While the inclusive fitness approach has provided the framework for the major insights made in the study of cooperation, it has also attracted controversy, which might suggest a field in disarray to an outside observer^176–178. Welch argued that analogous controversy has arisen multiple times for research on adaptation, for reasons that do not reflect problems with the approach¹⁷⁹. There is a repeated pattern where approaches such as inclusive fitness theory lead to major advances in our understanding of adaptation, and where the resulting attention generates charges of narrowness and oversimplification. These charges are however, misplaced, because it is the simplifications made by theory which facilitate its application to data^107,179,180. In biology, theory is not an abstract enterprise, it is the interface between theory and data that matters. Scientific progress is not shaped by whether ideas are “liked” or “disliked”, but by making parsimonious predictions that hold up time and time again, generating new counterintuitive predictions that achieve additional confirmation. That is the achievement of inclusive fitness theory ¹⁸¹.
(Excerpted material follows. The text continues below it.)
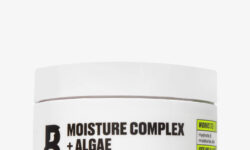 A short cylindrical white Plastic Tub with a white Plastic Lid that has By Beauty Bay Moisture Complex + Algae written in bold black writing and Face Mask written in dark purple writing on it, on a white background.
The existence of some controversy therefore reflects a productive and healthy field, where spectacular advances are being made. As well as explaining cooperation in particular species, these advances have illuminated broad generalisations, where the same factors appear to play analogous roles across the tree of life. This makes things pleasingly simpler for those of us studying cooperation – rather than a different explanation for every species, we can have a single explanatory framework – that is an amazing achievement! Furthermore, progress in the study of cooperation has demonstrated how the behavioural ecology approach, originally developed to study animals, can be successfully applied to any form of organism, from bacteria to viruses^182,183. The recent progress summarised in this paper has opened up a great number of new problems to solve, and it is as exciting a time to be studying cooperation as it has ever been (Box 2).